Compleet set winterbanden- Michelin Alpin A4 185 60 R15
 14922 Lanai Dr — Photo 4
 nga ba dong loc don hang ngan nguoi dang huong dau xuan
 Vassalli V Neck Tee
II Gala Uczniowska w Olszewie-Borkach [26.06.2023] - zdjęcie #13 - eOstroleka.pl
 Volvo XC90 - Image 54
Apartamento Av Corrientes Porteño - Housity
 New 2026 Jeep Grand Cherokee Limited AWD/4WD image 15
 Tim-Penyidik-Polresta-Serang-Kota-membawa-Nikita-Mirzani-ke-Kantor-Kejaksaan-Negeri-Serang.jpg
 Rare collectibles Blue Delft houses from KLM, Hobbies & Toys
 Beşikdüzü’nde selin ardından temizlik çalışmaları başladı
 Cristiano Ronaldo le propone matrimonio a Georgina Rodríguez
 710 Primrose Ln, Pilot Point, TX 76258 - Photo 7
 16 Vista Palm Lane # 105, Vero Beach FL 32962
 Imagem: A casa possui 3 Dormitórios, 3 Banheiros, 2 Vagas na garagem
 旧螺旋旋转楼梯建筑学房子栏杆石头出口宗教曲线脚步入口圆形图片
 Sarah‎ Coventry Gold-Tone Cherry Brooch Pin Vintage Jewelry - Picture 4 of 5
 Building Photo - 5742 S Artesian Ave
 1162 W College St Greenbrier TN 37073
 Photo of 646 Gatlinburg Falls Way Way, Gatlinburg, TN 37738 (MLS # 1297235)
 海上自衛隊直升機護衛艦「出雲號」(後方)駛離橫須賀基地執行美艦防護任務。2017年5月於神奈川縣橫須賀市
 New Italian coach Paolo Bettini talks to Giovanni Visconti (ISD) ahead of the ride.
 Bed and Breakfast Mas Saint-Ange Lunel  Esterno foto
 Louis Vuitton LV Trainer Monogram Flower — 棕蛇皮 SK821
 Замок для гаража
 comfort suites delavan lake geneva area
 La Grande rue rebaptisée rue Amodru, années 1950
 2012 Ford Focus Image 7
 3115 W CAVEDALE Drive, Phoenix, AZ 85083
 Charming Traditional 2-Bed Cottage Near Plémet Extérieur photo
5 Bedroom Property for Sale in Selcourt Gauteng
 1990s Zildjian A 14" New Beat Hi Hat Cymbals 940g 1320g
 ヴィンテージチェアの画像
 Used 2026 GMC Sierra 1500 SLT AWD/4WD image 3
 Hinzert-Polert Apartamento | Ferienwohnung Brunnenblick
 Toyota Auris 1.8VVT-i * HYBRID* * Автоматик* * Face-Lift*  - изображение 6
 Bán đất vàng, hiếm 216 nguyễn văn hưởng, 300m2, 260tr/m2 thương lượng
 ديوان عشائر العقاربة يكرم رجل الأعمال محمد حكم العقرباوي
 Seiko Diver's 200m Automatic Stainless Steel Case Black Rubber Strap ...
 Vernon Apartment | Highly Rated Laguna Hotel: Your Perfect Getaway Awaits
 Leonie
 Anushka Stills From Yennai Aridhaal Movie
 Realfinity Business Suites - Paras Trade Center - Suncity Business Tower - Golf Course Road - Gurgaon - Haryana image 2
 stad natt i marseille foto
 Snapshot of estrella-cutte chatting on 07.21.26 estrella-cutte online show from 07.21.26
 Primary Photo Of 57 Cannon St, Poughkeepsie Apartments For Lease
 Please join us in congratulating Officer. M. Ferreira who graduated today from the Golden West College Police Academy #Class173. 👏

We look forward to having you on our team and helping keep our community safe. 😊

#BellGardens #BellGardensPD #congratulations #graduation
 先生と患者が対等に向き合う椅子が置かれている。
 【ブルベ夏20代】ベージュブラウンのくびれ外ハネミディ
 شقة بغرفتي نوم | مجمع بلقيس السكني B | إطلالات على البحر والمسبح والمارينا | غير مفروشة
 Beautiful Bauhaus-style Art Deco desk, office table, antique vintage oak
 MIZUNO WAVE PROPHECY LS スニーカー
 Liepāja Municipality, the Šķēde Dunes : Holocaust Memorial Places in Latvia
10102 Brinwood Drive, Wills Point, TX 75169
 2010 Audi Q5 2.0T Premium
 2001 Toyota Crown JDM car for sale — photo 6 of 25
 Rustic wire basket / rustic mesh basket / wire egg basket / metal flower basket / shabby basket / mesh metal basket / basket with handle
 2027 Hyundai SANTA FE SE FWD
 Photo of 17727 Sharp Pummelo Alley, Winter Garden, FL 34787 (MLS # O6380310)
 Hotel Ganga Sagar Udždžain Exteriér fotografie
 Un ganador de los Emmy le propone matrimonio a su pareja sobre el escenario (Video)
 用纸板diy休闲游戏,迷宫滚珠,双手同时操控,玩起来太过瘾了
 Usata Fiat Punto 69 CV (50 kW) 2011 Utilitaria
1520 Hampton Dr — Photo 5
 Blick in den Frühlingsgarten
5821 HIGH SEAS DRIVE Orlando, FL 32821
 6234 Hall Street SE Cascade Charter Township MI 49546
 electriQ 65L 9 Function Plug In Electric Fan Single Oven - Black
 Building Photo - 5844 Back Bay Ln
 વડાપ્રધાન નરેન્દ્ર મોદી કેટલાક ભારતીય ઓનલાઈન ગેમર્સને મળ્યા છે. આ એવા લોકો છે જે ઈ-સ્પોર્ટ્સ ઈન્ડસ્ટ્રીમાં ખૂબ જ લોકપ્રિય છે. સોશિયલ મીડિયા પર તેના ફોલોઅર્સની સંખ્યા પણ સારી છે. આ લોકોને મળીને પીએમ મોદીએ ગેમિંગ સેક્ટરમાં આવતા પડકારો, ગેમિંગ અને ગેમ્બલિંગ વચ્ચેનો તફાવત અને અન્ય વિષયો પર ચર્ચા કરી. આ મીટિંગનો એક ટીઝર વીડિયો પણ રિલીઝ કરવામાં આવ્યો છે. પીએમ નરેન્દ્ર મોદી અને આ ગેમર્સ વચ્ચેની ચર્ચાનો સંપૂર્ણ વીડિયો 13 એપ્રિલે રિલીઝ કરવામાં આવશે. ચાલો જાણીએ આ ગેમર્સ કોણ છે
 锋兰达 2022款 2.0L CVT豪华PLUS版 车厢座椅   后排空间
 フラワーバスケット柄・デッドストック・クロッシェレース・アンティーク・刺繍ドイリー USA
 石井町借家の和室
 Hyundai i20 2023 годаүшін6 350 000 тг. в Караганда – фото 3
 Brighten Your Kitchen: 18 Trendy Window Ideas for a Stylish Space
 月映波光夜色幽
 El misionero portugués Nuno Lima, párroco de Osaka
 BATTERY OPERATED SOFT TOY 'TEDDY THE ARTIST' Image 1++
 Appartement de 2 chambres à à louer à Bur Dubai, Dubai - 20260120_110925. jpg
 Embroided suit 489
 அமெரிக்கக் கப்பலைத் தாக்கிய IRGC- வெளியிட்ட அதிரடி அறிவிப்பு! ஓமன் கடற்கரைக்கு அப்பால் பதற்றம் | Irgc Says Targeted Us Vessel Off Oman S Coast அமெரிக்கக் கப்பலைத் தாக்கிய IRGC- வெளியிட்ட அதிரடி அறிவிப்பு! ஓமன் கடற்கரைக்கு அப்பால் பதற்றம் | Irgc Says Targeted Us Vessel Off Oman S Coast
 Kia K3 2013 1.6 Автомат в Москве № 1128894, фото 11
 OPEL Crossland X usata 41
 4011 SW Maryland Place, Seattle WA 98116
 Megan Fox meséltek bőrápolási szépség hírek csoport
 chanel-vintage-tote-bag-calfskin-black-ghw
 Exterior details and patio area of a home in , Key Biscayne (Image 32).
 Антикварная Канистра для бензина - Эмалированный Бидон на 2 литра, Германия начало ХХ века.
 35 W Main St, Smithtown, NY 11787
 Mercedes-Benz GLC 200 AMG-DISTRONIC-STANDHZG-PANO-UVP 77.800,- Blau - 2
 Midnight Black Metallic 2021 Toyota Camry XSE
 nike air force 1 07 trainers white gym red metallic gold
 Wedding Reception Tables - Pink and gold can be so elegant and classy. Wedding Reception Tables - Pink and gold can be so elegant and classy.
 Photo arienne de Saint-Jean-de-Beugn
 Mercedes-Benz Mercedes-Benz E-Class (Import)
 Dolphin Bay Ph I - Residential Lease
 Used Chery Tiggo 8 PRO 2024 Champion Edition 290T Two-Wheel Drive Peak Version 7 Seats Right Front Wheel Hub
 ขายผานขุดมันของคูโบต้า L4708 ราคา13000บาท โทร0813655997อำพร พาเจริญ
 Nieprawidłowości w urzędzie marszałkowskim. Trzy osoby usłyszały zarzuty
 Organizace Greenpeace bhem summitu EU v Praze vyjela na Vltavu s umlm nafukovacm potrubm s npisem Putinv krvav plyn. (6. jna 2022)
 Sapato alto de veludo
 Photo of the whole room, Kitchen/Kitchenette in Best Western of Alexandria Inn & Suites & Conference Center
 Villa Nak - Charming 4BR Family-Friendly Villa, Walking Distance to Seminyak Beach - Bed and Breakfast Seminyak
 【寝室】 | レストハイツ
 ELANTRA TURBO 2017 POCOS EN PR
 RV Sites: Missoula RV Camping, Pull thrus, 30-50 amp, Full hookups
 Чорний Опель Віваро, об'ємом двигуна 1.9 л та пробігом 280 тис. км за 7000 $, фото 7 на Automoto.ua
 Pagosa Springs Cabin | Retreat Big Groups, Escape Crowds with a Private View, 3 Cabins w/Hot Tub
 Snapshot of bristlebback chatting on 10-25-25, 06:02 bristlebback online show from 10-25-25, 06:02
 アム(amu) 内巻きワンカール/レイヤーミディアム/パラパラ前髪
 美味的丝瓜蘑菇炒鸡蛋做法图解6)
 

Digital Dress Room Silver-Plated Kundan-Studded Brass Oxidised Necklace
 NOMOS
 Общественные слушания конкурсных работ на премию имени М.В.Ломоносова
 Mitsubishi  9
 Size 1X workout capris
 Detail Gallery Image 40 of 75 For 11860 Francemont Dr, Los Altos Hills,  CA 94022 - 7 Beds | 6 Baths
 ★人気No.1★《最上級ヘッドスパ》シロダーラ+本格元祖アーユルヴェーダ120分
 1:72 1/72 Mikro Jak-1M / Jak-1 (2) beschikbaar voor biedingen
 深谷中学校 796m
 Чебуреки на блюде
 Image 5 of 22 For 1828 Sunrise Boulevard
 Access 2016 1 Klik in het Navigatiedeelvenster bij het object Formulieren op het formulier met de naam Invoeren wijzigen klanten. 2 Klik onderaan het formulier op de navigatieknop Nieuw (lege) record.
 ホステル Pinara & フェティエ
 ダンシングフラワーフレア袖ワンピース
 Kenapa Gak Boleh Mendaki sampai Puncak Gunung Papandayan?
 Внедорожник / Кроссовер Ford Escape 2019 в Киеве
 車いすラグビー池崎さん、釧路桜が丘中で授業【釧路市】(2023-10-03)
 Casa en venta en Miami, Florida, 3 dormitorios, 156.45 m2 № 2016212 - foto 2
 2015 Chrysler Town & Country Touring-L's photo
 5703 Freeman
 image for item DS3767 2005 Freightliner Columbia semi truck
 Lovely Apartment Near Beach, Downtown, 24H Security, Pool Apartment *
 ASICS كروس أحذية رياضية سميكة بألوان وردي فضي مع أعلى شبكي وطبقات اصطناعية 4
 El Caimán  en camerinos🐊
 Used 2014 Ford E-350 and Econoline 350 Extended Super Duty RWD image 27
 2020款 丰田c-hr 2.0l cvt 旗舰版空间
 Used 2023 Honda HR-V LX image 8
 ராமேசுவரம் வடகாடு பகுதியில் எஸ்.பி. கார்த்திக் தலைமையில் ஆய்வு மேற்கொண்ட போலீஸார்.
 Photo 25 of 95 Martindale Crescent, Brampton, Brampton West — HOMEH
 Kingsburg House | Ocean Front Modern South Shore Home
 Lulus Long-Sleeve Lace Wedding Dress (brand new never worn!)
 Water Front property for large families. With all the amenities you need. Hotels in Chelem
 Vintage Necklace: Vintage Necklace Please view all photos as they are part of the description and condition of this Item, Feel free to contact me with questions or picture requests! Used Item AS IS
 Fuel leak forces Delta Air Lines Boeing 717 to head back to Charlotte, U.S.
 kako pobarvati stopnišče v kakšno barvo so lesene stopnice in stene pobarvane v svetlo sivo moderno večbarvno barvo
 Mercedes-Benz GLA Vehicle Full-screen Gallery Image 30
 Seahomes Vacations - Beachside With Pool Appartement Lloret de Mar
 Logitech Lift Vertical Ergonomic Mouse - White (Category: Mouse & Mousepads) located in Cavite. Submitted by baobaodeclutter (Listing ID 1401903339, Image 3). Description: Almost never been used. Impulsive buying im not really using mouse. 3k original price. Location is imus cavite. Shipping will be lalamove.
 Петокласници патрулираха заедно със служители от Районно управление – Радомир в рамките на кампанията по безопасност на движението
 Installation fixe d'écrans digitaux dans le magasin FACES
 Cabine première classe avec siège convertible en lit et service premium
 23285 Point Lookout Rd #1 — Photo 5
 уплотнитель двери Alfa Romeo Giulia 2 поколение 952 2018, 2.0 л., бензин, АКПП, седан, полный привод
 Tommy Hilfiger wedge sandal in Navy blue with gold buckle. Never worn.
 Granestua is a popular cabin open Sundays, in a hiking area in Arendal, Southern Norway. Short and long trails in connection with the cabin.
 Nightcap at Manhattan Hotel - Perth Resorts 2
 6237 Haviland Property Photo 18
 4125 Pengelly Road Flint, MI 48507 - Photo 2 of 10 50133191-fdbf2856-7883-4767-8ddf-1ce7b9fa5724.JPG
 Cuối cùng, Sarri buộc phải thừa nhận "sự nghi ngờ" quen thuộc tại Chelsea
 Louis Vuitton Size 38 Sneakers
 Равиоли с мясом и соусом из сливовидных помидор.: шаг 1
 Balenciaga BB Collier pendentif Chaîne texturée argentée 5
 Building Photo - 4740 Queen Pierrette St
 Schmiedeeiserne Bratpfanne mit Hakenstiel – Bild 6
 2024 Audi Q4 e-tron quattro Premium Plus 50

Your assignment
Copy out the range of lines above starting at the line with "Used 2026 GMC" and ending at the line with "Please join us", exactly and including both.

Exercise response
 Used 2026 GMC Sierra 1500 SLT AWD/4WD image 3
 Hinzert-Polert Apartamento | Ferienwohnung Brunnenblick
 Toyota Auris 1.8VVT-i * HYBRID* * Автоматик* * Face-Lift*  - изображение 6
 Bán đất vàng, hiếm 216 nguyễn văn hưởng, 300m2, 260tr/m2 thương lượng
 ديوان عشائر العقاربة يكرم رجل الأعمال محمد حكم العقرباوي
 Seiko Diver's 200m Automatic Stainless Steel Case Black Rubber Strap ...
 Vernon Apartment | Highly Rated Laguna Hotel: Your Perfect Getaway Awaits
 Leonie
 Anushka Stills From Yennai Aridhaal Movie
 Realfinity Business Suites - Paras Trade Center - Suncity Business Tower - Golf Course Road - Gurgaon - Haryana image 2
 stad natt i marseille foto
 Snapshot of estrella-cutte chatting on 07.21.26 estrella-cutte online show from 07.21.26
 Primary Photo Of 57 Cannon St, Poughkeepsie Apartments For Lease
 Please join us in congratulating Officer. M. Ferreira who graduated today from the Golden West College Police Academy #Class173. 👏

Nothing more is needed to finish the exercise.